Erik Hatcher at ApacheCon

  • I spoke with Erik Hatcher at ApacheCon about the use of Lucene as an implementation vehicle for our query system. There are two major issues. The first is that it's not clear how you'd support our observable query concept using Lucene -- there'd be quite a bit of work to hook into the guts of Lucene. The second issue was using Lucene to implement object/item path traversal queries. Erik said that someone has looked at doing this but that it wasn't very efficient. Following item references inside of querires is important, so this makes Lucene less appealing for this purpose. Erik was very happy with the work that Andi has done on Pylucene and was excited about some ways to get broader visibility for that work.

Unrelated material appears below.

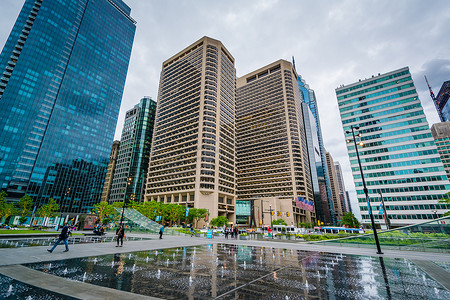 Fountains at Dilworth Park and modern building in the Center Cit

IM conversation with Katie on 11/19

Katie I discussed a pair of issues:

  • Brian and I were having a discussion on the use of queries/notification in the system, and I wanted a sanity check. From our discussion, it seems reasonable to limit notification to items that are in collections -- we want to keep the number of notifications under control, and we don't want to have to add lots of attributes/queries in order to send the right notifications We also discussed the possiblity of getting a notification if any item that is in the result set of a query changes state -- not just when it enters or exits the result set of the query. This sounds like a perfect job for monitors.

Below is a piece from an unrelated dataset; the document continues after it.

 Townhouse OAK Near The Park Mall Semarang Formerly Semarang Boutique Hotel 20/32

  • We also did a little noodling on possible server implementation ideas. One thing that we kicked around was the following set of ideas:
    1. Use queries to specify the bulk data transfer
    2. The client just provides an object cache which is loaded via bulk transfers. We also need to handle notification for observable queries. A writeback object cache on the client can be used to detect changes for notification.
    3. We might have to poll the server in order to pickup changes that were made to the server via another client

Performance Benchmarking

In theory, repository performance should be bounded by the performance of the disk subsystem in the machine. I broke out a copy of Tim Bray's Bonnie filesystem benchmark in order to geta rough idea of the performance of my machine, just to get an idea. The disk in this machine is a Hitach ICN25N080ATMR04, which is an 80G, 4200 RPM drive. The Bonnie output is below.

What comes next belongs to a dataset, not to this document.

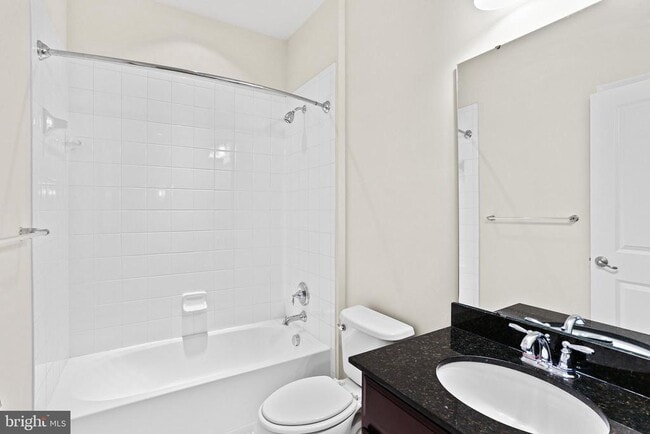 Building Photo - 11675 Emerald Green Dr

File './Bonnie.13028', size: 0
Writing with putc()...done
Rewriting...done
Writing intelligently...done
Reading with getc()...done
Reading intelligently...done
Seeker 1...Seeker 2...Seeker 3...start 'em...done...done...done...
              -------Sequential Output-------- ---Sequential Input-- --Random--
              -Per Char- --Block--- -Rewrite-- -Per Char- --Block--- --Seeks---
Machine    MB K/sec %CPU K/sec %CPU K/sec %CPU K/sec %CPU K/sec %CPU  /sec %CPU
            0  6702 58.7 23450  9.8 18408  6.5  9851 75.4 204884 30.0 1871.4  8.0

Picking the lowest numbers, you get a sequential write of 6702K/s and sequential read of 9851/s.

So take the lower number, 6702 and make it a round number, say 6000K/s.

So if items are 1K each, then we should be able to write 6000 items/s MAX.

So call that the theoretical upper limit

The next limit which needs to be investigated is the write bandwidth that we can obtain through Berkeley DB from Python.